Year of anniversaries shows how far peacemaking has come
This is a year of multiple anniversaries for the Middle East. It is 100 years from the famous Balfour Declaration, in which a British government viewed”with favour” the emerging Zionist project for Jewish self- determination. It is also the 50th anniversary of the Six Day War, when Israel conquered its belligerent Arab neighbours in a stunning display of military power, and 40 years from Sadat’s famous speech to the Knesset.
For those with longer memories, this year also marks the 70th anniversary of the UN Partition Plan, when a majority in the General Assembly voted to carve out a Jewish and an Arab state in Palestine, a vote the Zionists accepted jubilantly and the Arab world unhesitatingly rejected. If the Arab world had shown some willingness to compromise, the Palestinians would today be celebrating 70 years of their respective state.
But many forget that 2017 also marks the 80th anniversary of the first major plan for the division of the Jewish home, known as the Peel Commission Report. Its failure should have taught western policymakers valuable lessons about the real causes of the impasse.
The Peel Commission arrived in Palestine during the Arab revolt that was then engulfing the country. The revolt was a campaign of unrelenting, murderous terror unleashed by the viscerally antisemitic Grand Mufti, Mohammed Amin al-Husseini, and the Arab Higher Committee over which he presided.
The Commission, headed by the Viscount Peel, a former Secretary of State for India, was sent to examine the causes of the violence. It concluded that the ‘irrepressible conflict’ between the Arab and Jewish national movements necessitated only one outcome: the termination of the mandate and the partition of the land into an Arab and Jewish state, with a British controlled corridor between Jaffa and Jerusalem. An exchange of populations was proposed, involving the transfer of 225,000 Arabs and some 1,250 Jews.
The proposed Jewish state, separated into two parts, included the Jezreel Valley, the Galilee and much of the coastal plain but constituted less than one sixth of the country (and even that was less than one quarter of the original Palestine mandate). The Commission’s hope was that the plan would do “justice to the rights and aspirations of both the Arabs and the Jews” and bring “the inestimable boon of peace”.
The Peel proposal generated a fierce debate among Zionist leaders. At the 20th Zionist congress in Zurich, the principle of partition was backed though not the proposed borders of the Jewish state. In other words, two states would be accepted, provided that more favourable terms could be achieved.
What is striking, even today, is the sheer depth of Arab rejectionism, marked by the most intense hostility to the Zionist movement. Egypt’s Prime Minister, Nahas Pasha, said that his country “could not regard with equanimity the prospect of an independent Jewish state…” Both the Saudi King and the Iraqi prime minister denounced the partition proposals, with the latter declaring that any person who led a post-partition Palestine would “stab the Arab race in the heart” and “be regarded as an outcast throughout the Arab world”.
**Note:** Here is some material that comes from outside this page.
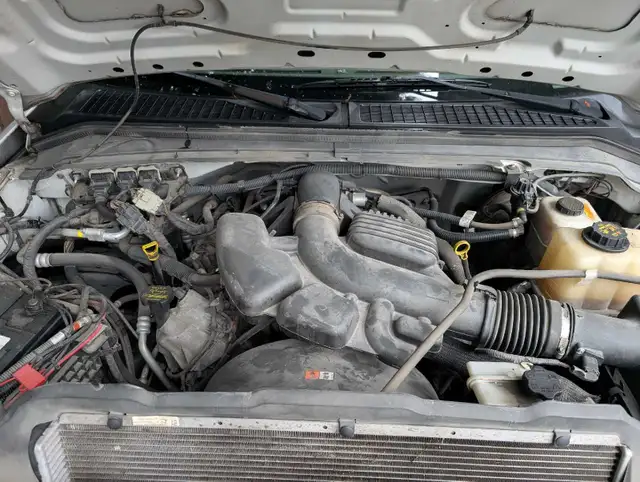 2010 Ford F-250 Super Duty – Low KM – Reliable Work Truck in Cars & Trucks in Mission - Image 11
The Arab Higher Committee declared the proposals “incompatible with the justice promised by the British government” and called on neighbouring states to show unity in the face of such “injustice.” When the Mufti appeared before the Peel Commission to give evidence, he made it clear that Palestine had to be handed over to a sovereign Arab body, that such a body would not digest the country’s Jewish population and that Arab-Jewish cooperation was impossible. The Peel Commission expressed regret that “not once since 1919 has any Arab leader said that co-operation with the Jews was even possible”.
In many ways, peacemaking has come a long way since 1937. Israel has diplomatic relations with some Arab states, backed by peace treaties, and there is extensive co-operation with the Palestinians in some areas. Meanwhile, Israel and the PA have tried to negotiate a final settlement of the conflict in recent decades.